Crawled caption data:
^^^^^^^^

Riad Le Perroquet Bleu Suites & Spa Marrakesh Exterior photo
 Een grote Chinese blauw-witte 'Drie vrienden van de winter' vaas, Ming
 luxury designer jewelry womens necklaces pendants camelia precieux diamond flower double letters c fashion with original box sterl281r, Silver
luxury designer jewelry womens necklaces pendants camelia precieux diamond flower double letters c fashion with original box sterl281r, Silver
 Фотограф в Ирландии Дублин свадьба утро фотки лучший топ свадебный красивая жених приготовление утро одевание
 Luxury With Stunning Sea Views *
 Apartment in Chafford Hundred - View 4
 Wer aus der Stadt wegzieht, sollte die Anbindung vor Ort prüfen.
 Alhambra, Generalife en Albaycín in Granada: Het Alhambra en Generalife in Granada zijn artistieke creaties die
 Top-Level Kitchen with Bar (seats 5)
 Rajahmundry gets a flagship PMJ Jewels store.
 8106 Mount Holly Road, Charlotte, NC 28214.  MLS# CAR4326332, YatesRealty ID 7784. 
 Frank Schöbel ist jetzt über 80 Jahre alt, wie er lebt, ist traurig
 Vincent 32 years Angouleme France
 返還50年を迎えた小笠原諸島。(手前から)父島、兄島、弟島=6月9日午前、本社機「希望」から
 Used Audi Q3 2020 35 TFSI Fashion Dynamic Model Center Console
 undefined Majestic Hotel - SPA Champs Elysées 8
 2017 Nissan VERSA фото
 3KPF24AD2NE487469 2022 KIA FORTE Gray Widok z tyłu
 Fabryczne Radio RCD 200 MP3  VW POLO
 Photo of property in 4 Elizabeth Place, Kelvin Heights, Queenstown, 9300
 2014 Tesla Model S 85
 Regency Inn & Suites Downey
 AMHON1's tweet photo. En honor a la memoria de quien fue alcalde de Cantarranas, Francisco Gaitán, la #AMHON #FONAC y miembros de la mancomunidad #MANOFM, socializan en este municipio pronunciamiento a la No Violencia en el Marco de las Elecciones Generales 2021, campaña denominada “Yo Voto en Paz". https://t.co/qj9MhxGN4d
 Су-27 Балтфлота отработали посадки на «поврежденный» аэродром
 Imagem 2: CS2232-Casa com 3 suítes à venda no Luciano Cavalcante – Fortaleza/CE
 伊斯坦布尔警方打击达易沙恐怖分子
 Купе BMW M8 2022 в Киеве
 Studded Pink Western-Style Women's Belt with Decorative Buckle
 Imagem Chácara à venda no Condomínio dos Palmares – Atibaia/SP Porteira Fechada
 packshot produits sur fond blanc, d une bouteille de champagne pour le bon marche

^^^^^^^^

### Work to be completed:
Could you reproduce, exactly, every line above from the line with "Су-27 Балтфлота отработали" to the line with "Imagem Chácara à", and no other line? Both ends count.

### Solution for this exercise:
 Су-27 Балтфлота отработали посадки на «поврежденный» аэродром
 Imagem 2: CS2232-Casa com 3 suítes à venda no Luciano Cavalcante – Fortaleza/CE
 伊斯坦布尔警方打击达易沙恐怖分子
 Купе BMW M8 2022 в Киеве
 Studded Pink Western-Style Women's Belt with Decorative Buckle
 Imagem Chácara à venda no Condomínio dos Palmares – Atibaia/SP Porteira Fechada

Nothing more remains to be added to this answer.